* [Exercise instructions]: Whatever lies between the line that holds "Женские куртки Calvin" and the final line of the records below, both included, should be repeated exactly; leave out the pictures and add nothing.

* [Provided data]:
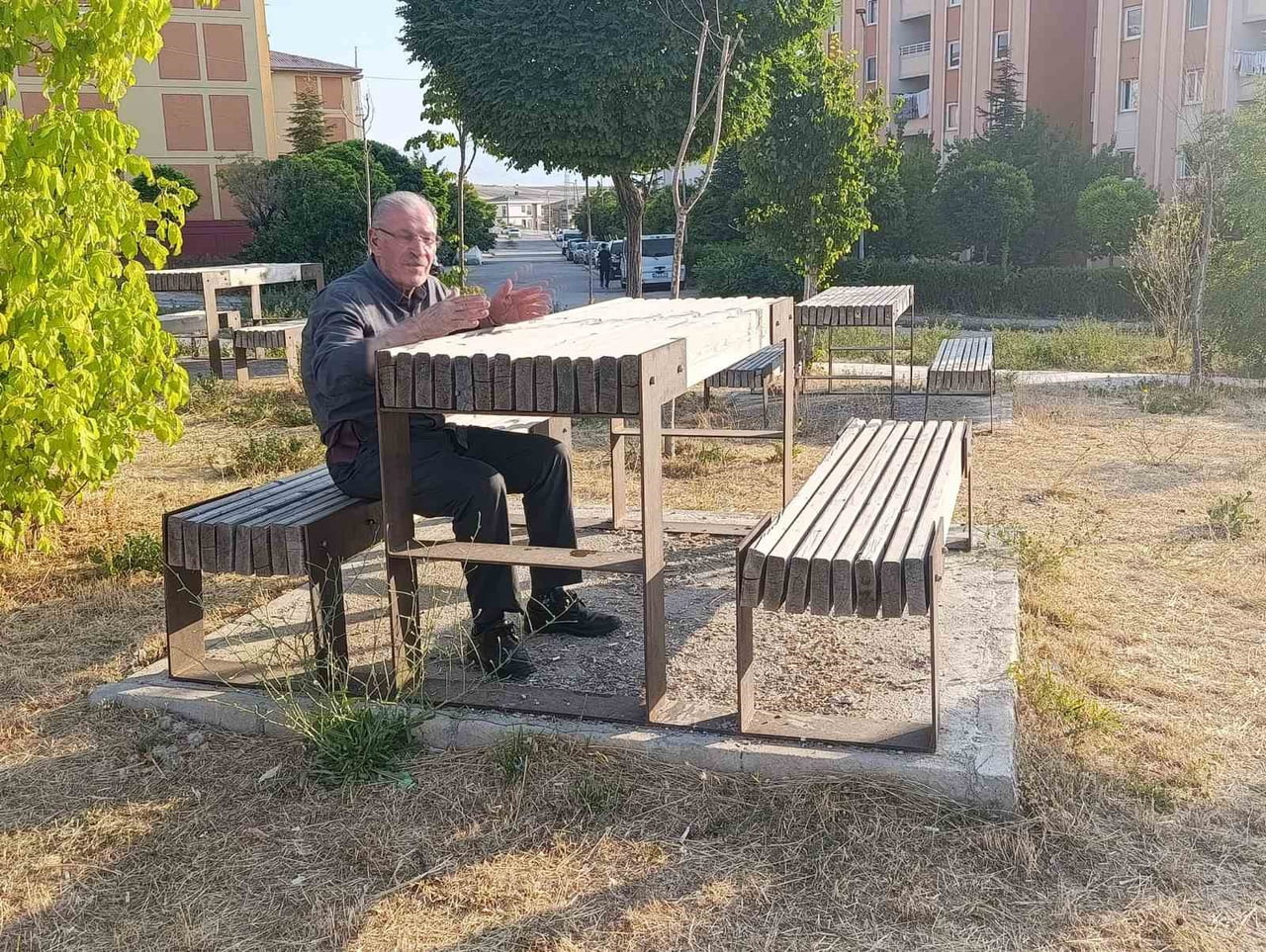VAN'IN EDREMİT İLÇESİNE PARKTA BULUNAN PİKNİK MASALARININ ERGONOMİK OLMADIĞINI VE ÇOCUKLAR İÇİN...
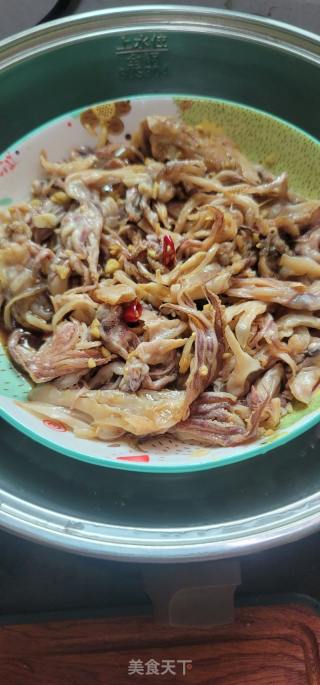 蒸鱿鱼须的做法步骤：5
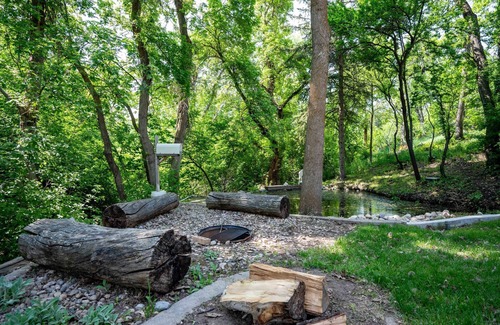 Woodland Estates Apartment | Mountain Haus 2Bdr Apt w Mtn Views Patio Space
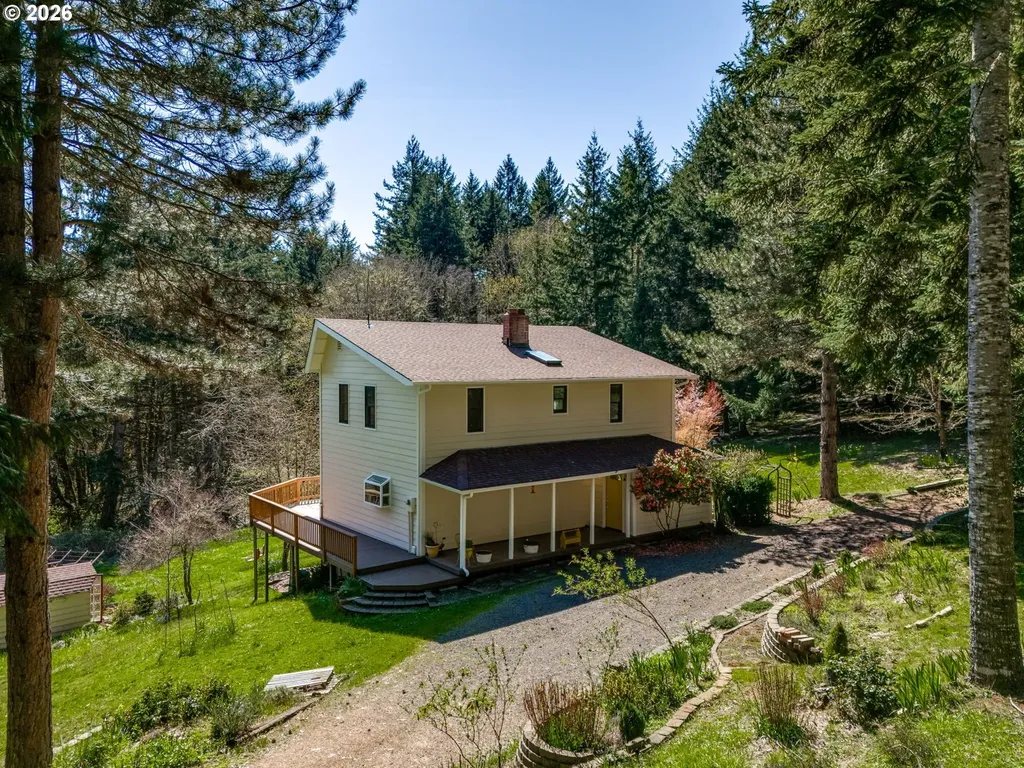 19037 NW Meadow Lake Road Yamhill OR 97148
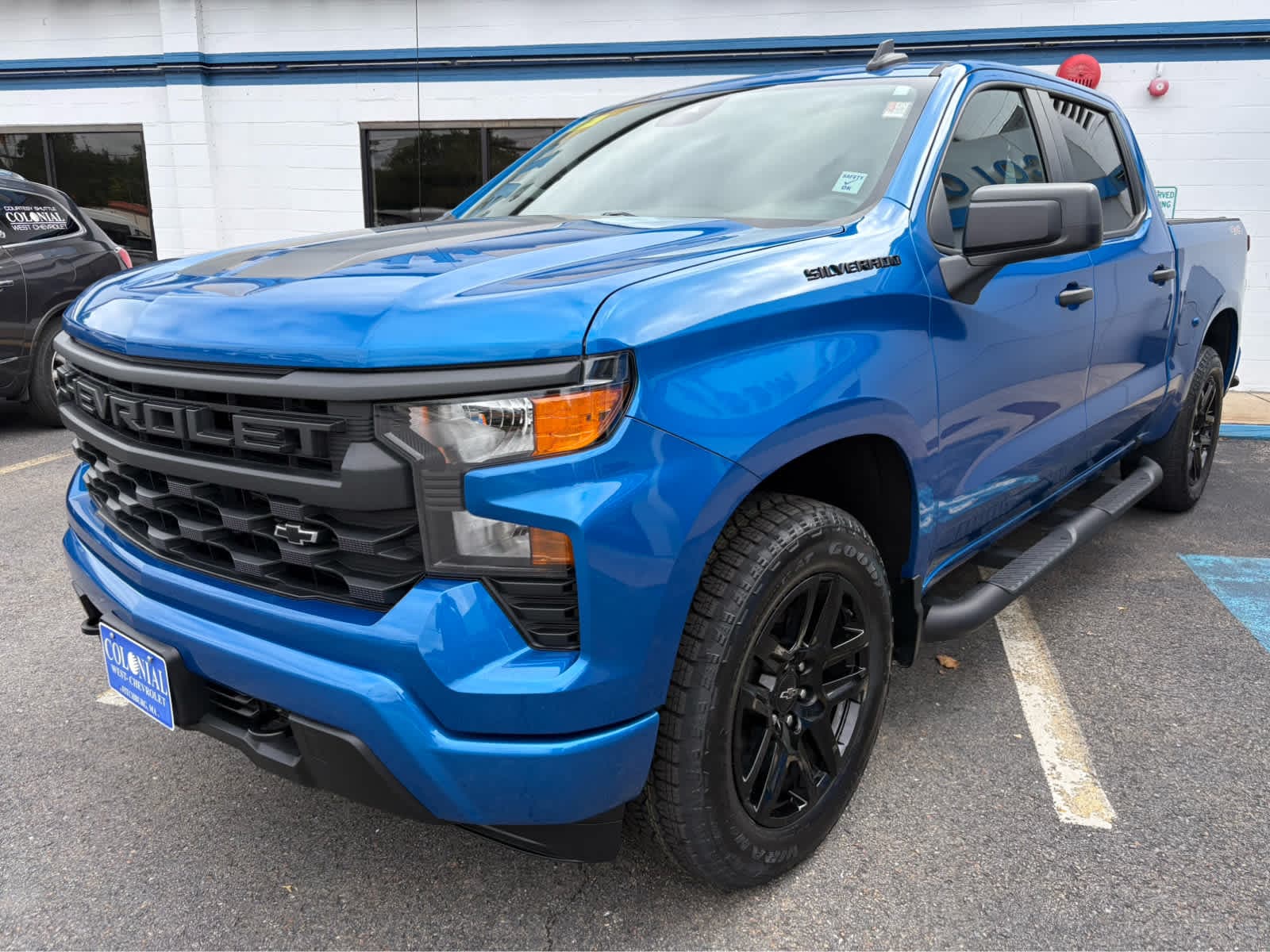 2023 Chevrolet Silverado 1500 Custom — photo 1 of 26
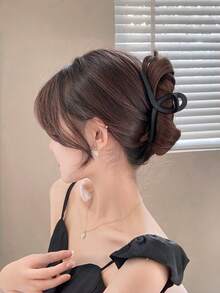 1pc Fashionable Versatile Elegant Black Simple Hair Claw Elegant Hair Clips Fashion Hair Clutch Winter Hair Accessories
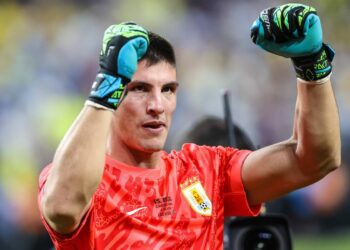 Unimaginative Brazil out after shootout loss to Uruguay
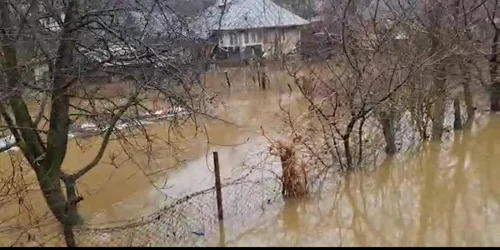 Case sub ape în urma inundaţiilor din Brezoi - Vâlcea Foto Adevărul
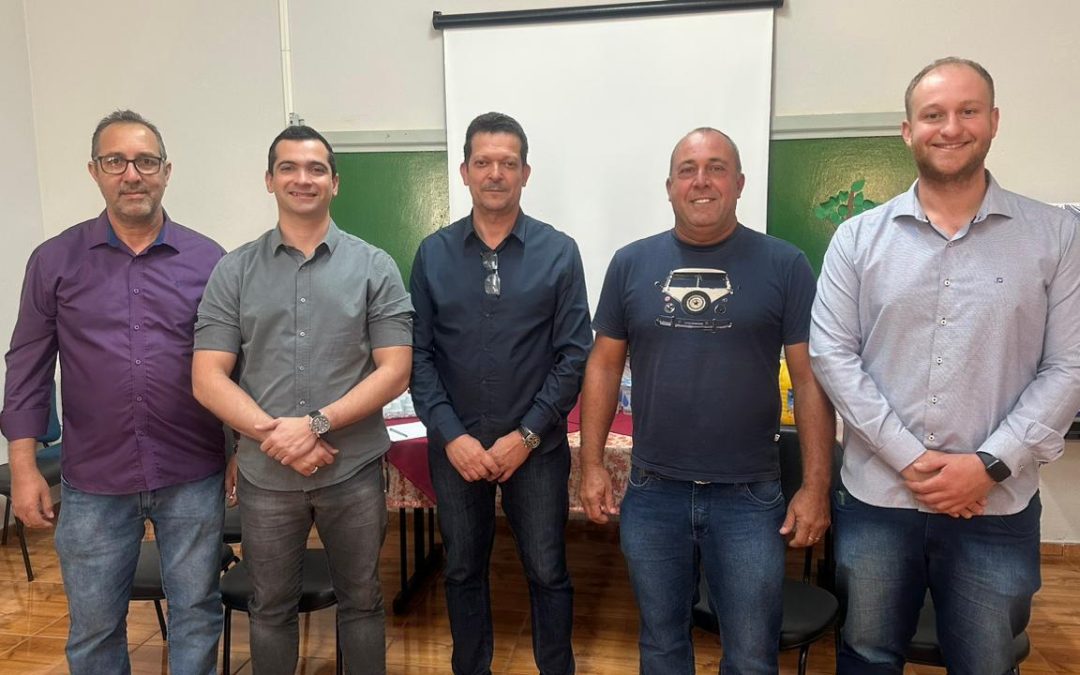 Deputado Capitão Telhada visita Itaju e recebe pedidos de recursos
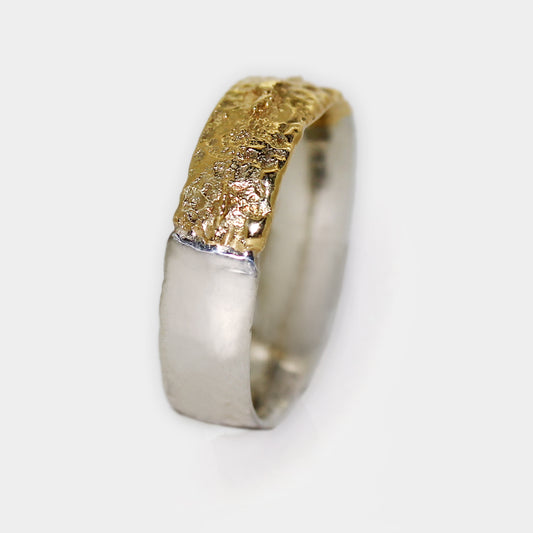 Poliertes Silber trifft goldene Gußstruktur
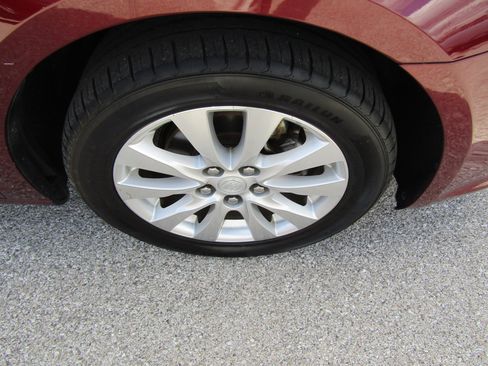 Used 2014 Buick LaCrosse FWD image 12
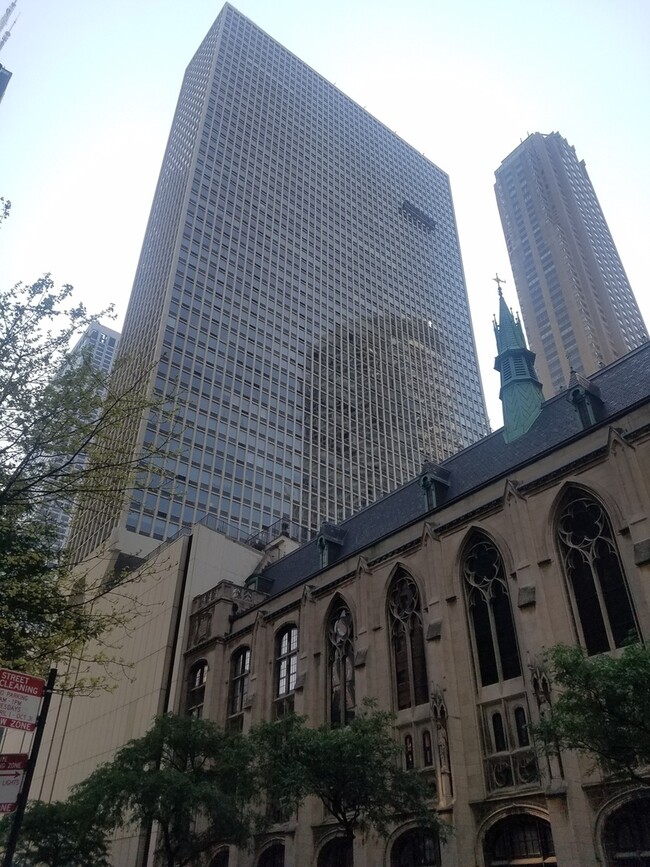 Building Photo - 111 E Chestnut St
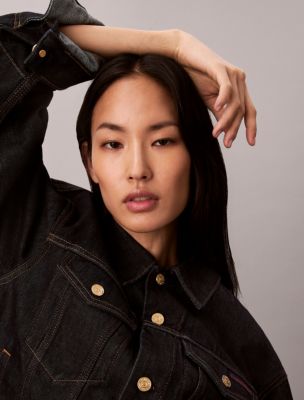 Женские куртки Calvin Klein Lunar New Year Denim Trucker Jacket — фото 6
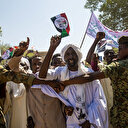 Sudan'da sular durulmuyor: Binlerce kişi hükümetin feshi talebiyle Cumhurbaşkanlığı Sarayı önünde toplandı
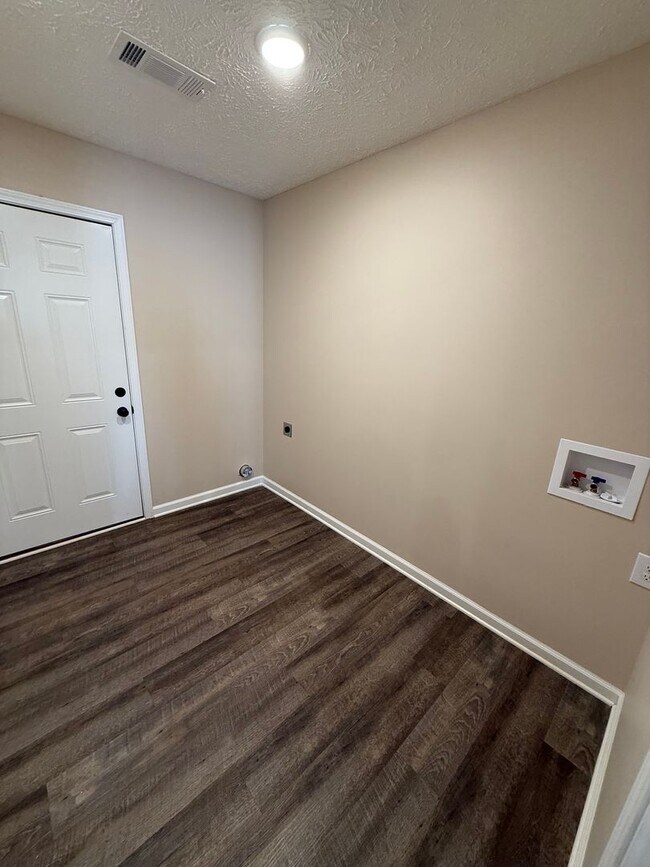 Building Photo - Nestled Tri-Plex in the Heart of Greenfield, TN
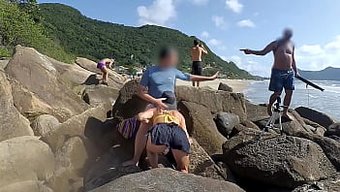 公共口交导致在愤怒的...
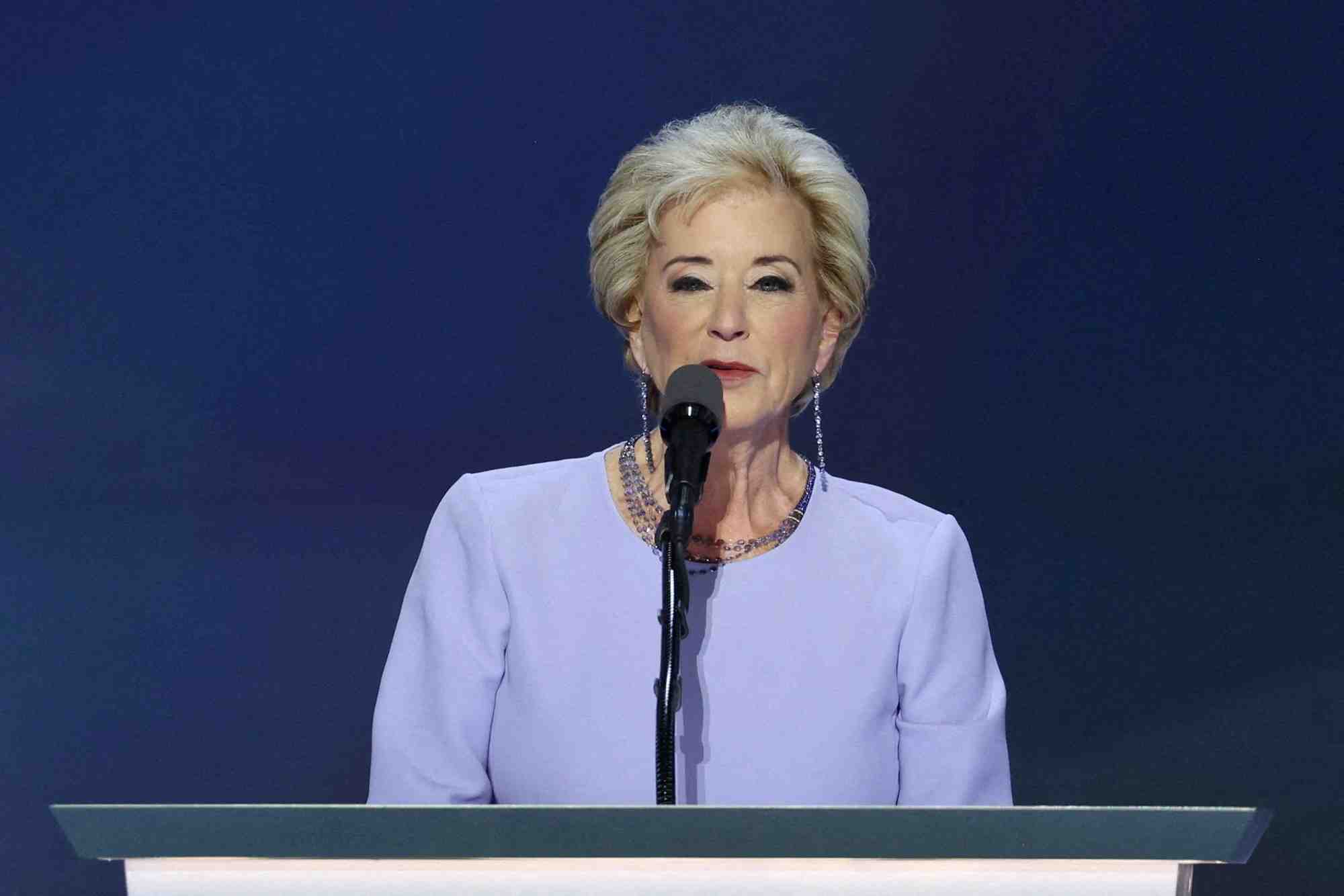 Linda mcmahon, ancienne directrice de l'administration des petites entreprises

* [Exercise answer]:
 Женские куртки Calvin Klein Lunar New Year Denim Trucker Jacket — фото 6
 Sudan'da sular durulmuyor: Binlerce kişi hükümetin feshi talebiyle Cumhurbaşkanlığı Sarayı önünde toplandı
 Building Photo - Nestled Tri-Plex in the Heart of Greenfield, TN
 公共口交导致在愤怒的...
 Linda mcmahon, ancienne directrice de l'administration des petites entreprises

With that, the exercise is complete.